The constitutionality of the prior grandparent standing law (23 Pa.C.S. § 5312) was upheld by the Pennsylvania Supreme Court in 2007, by a slim margin of 4-3.  In Schmehl v. Wegelin, 927 A.2d 183 (Pa.2007), four Justices of the Supreme Court (led by Justice Saylor) pointed out that the Equal Protection Clause does not prohibit legislative classifications that treat people differently, if there is sufficient justification.  When a fundamental right is implicated, the court must apply a strict scrutiny test, and the state must show a compelling government issue.  The grandparents in that case asserted that the state has a compelling interest in protecting health and emotional welfare of children, and particularly children who lack the safety net of an intact family structure.  The Supreme Court in Schmehl noted that a similar argument was successfully made in Hiller v. Fausey, 904 A.2d 875 (Pa.2006).

The majority in Schmehl collapsed their Equal Protection and Due Process analyses into a hybrid that avoided the strict scrutiny test.  The U.S. Supreme Court had done the same when addressing grandparents’ rights in Troxel v. Granville, 530 U.S. 57 (2000).  Instead the Court granted judges the power to balance parental rights on a case-by-case basis.  This same approach was later adopted by the Pennsylvania Supreme Court in Hiller and Schmehl.

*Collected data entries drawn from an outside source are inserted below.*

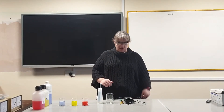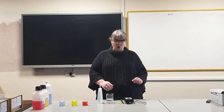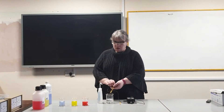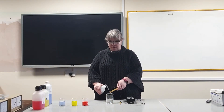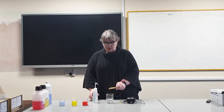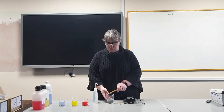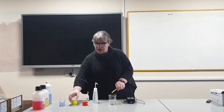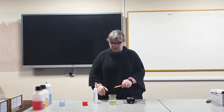First thing you need to do is switch your pH meter on and put the probe into some distilled water. Rinse the probe with distilled water and then place the probe into one of your buffers.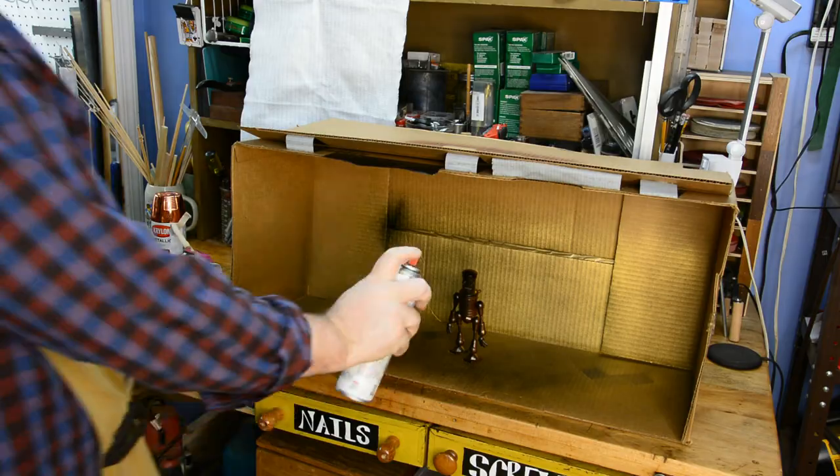Now you can make this out of any box that's lying around your house, just as long as the thing that you're spray painting fits inside of it. I made mine a little bit large because I reuse mine again and again, that way I can save even more time because the thing I need is already made.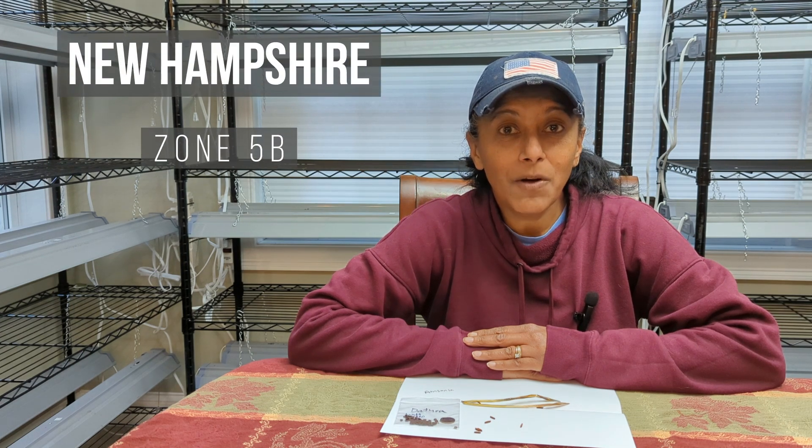Hey Budget Gardeners, Rita Loca here. Join me today as I show you what the seed pod and seeds of an Amsonia plant look like.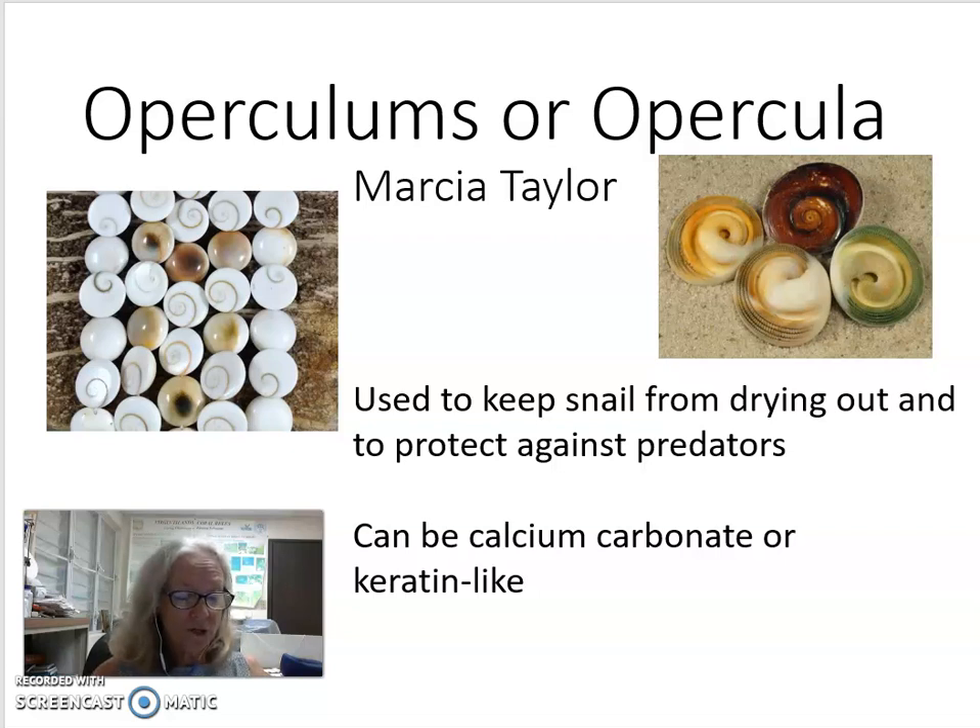First, what are opercula and what is their purpose? Opercula are attached to the foot of the snail and serve as a door to help keep enemies out.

In Ponko, the Westmoreland County trial court distinguished these decisions, holding that the state’s parens patriae interest might be sufficiently compelling to justify government interference when a parent has died, but not sufficient to grant visitation to grandparents over the objections of living parents.  This same rationale fueled a vigorous dissent by Justices Baldwin and Castille in Schmehl.

Ponko might actually test the Pennsylvania Supreme Court’s position on this issue, which is interesting given the recent election of three new Justices.  Whether or not one agrees with the outcome, it is a well-written decision that will require thoughtful analysis and spark a worthy debate.